Fromm himself died on May 12, 1945, just four days following the collapse of the Nazi regime. He was sixty-two years old. He had been planning to return to Germany and regain control of his property. But now his life’s work was lost. The large plant in Köpenick had fallen victim to Allied bombing. The Soviets confiscated the Friedrichshagen plant and soon had it up and running again, turning out millions of condoms for the use of the occupying Red Army. Under normal conditions, the family should have received their property back. But some of Fromm’s Nazi employees cooperated with East German communist officials and officially denounced their boss as a “Jewish owner” and a “capitalist exploiter type [with an] anti-social, anti-worker, and pro-Nazi attitude.” They depicted his various social and worker-friendly programs in the Köpenick factory as “active support of Nazi propaganda.” This made Julius Fromm into a de facto “war criminal” and “Nazi activist,” leading to a second “Aryanization” of his property. (The factory continued to produce rubber products as a state-owned firm into the 1990s, although the East German “Mondo” condom was later manufactured at a plant in Erfurt.)
In 1947, Julius’s second son Herbert bought the trademark back from one of Göring’s cousins at the 1938 sales price and began once more to manufacture condoms under license in West Germany.
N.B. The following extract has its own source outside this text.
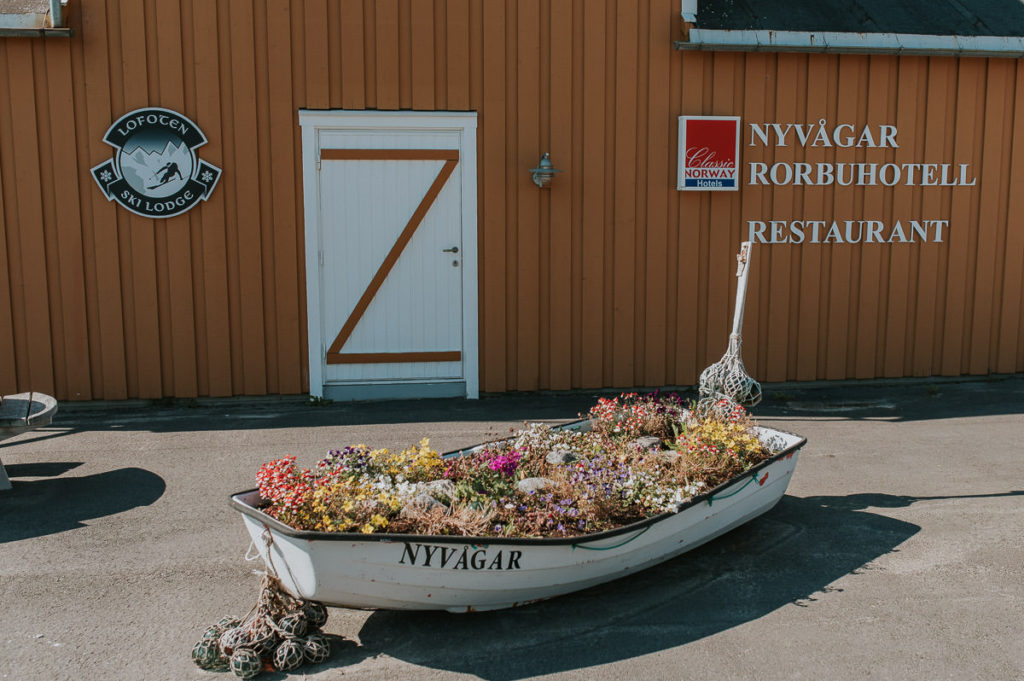 Nyvågar rorbuhotell in Kabrelvåg Lofoten - a reception for a summer adventure wedding in Norway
This earned a modest income for the family until the rights expired twenty-five years later. After the fall of the Berlin Wall in 1989, all three sons and/or their widows received compensation for the lost property in East Berlin amounting to two percent of the original value.
The Fromms trademark remained in Western hands and the French-owned MAPA Corporation now produces “Fromms FF” by the millions in Zeven, a small town located between Hamburg and Bremen. The firm also produces the popular brands Billy Boy and Blausiegel. Their website includes no reference to the fate of Julius Fromm.
Today a great deal is known about the Jewish history of large German companies such as Deutsche Bank or the massive mail-order and travel company Neckermann, which was founded on an Aryanized Jewish mail-order business once belonging to singer Billy Joel’s grandfather. But we still know virtually nothing about middle-size companies like Fromms and the perhaps 20,000 small-scale Jewish firms and one-man operations in Berlin alone that were wiped out along with their owners during Nazi rule. The fate of the Fromm family just goes to show how history can come alive in the most ordinary of activities – even in the unrolling of a lowly condom.